Poor soils lose carbon regardless of crop residue and nitrogen inputs

Jesmin (left) and Mulvaney (right) standing in a laboratory
Jesmin (left) and Mulvaney (right)

URBANA, Ill. — Let’s say you’re a corn grower farming on low-fertility soil. How do you go about making that soil healthier and more fertile? Many farmers think if they add plenty of nitrogen fertilizer, that nutrient, along with carbon, will be stored in the soil as organic matter when microbes decompose crop residue. But new research from the University of Illinois suggests those efforts might not work for poor soils. 

The new study, published in the Soil Science Society of America Journal, compared corn residue decomposition in high- and low-fertility, with and without nitrogen fertilizers. The results came as a surprise.

Corn residue decomposed significantly faster in poor, low-nitrogen-supplying soils compared to a fertile soil, especially when we added nitrogen, which stimulated microbial activity. It was a surprise, based on our earlier findings that showed high-nitrogen corn residue broke down faster,” said study author Tanjila Jesmin, doctoral researcher in the Department of Natural Resources and Environmental Sciences (NRES), part of the College of Agricultural, Consumer and Environmental Sciences (ACES) at U of I.

Richard Mulvaney, professor in NRES and study co-author, explained poor soils have fewer aggregate particles, small craggy nuggets that house soil microbes and give soil its structure. With fewer aggregates, free-wheeling microbes roam loose in the soil, encountering carbon more frequently, gobbling it up, and creating carbon dioxide as a byproduct. 

“In a poor soil with less aggregate stability, microbes have greater access to the residues and the carbon. And when there’s a high nitrogen supply, they also have a high demand for carbon as an energy source. Eventually, their demand may exceed the carbon supply in residues, which may cause them to attack organic matter in the soil,” Mulvaney said. “The microbes just keep burning it and evolving more carbon dioxide. It’s a downward spiral.”

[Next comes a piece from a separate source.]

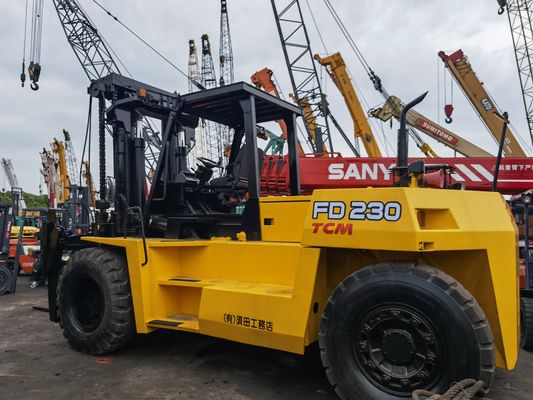 TCM FD230 12-25 ton dieselforklift voor het laden en lossen van containers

To learn how soils of contrasting fertility mineralized carbon in the presence of corn residue, Jesmin performed a soil incubation study in the lab. She collected two soils of the same type from production fields in Central Illinois, one with high native nitrogen content and one depleted in nitrogen after 70 years of continuous cropping. She also collected corn residues from a single field; this time, the corn tissue didn’t differ in terms of nitrogen content.

Jesmin incubated the soils in jars after applying different combinations of corn residues and one of two fertilizers: potassium nitrate or ammonium sulfate. She monitored continuous carbon dioxide emissions and intermittent changes in microbial activities from the incubation jars over a two-month period as a measure of microbial carbon mineralization. 

“Fertilizer increased residue decomposition rates for both soils, but the fertilizer types behaved differently according to soil fertility,” Jesmin said. “Potassium nitrate was more effective for increasing the residue decomposition rate in low-nitrogen soil, whereas ammonium sulfate had a greater effect in the high-nitrogen soil.”

Jesmin also noted an acidification effect of fertilizer in the low-nitrogen soil, an issue that can limit roots’ access to essential nutrients and deepen the downward spiral for poor soils. 

“For me, the striking message from this paper is that it's not possible to improve low fertility soil by applying more fertilizer nitrogen to grow more residues. You can put nitrogen in the soil, but you can't keep it,” Mulvaney said.

He added nitrogen management could potentially make a difference in low-fertility soils, for example applying fertilizer during the growing season as crops demand it. He also suggested reducing tillage intensity.

“Tillage, of course, is a factor that promotes mineralization, carbon dioxide production, and residue decomposition. Maybe if you go to a system like no-till, that could be useful for reducing microbial activities and their access to those residue carbon sources,” he said. “It might help.”

The study, “Residue- and nitrogen-induced carbon mineralization varies with soil fertility status,” is published in the Soil Science Society of America Journal [DOI: 10.1002/saj2.20530]. Authors include Tanjila Jesmin, Richard Mulvaney, and Thomas Boutton.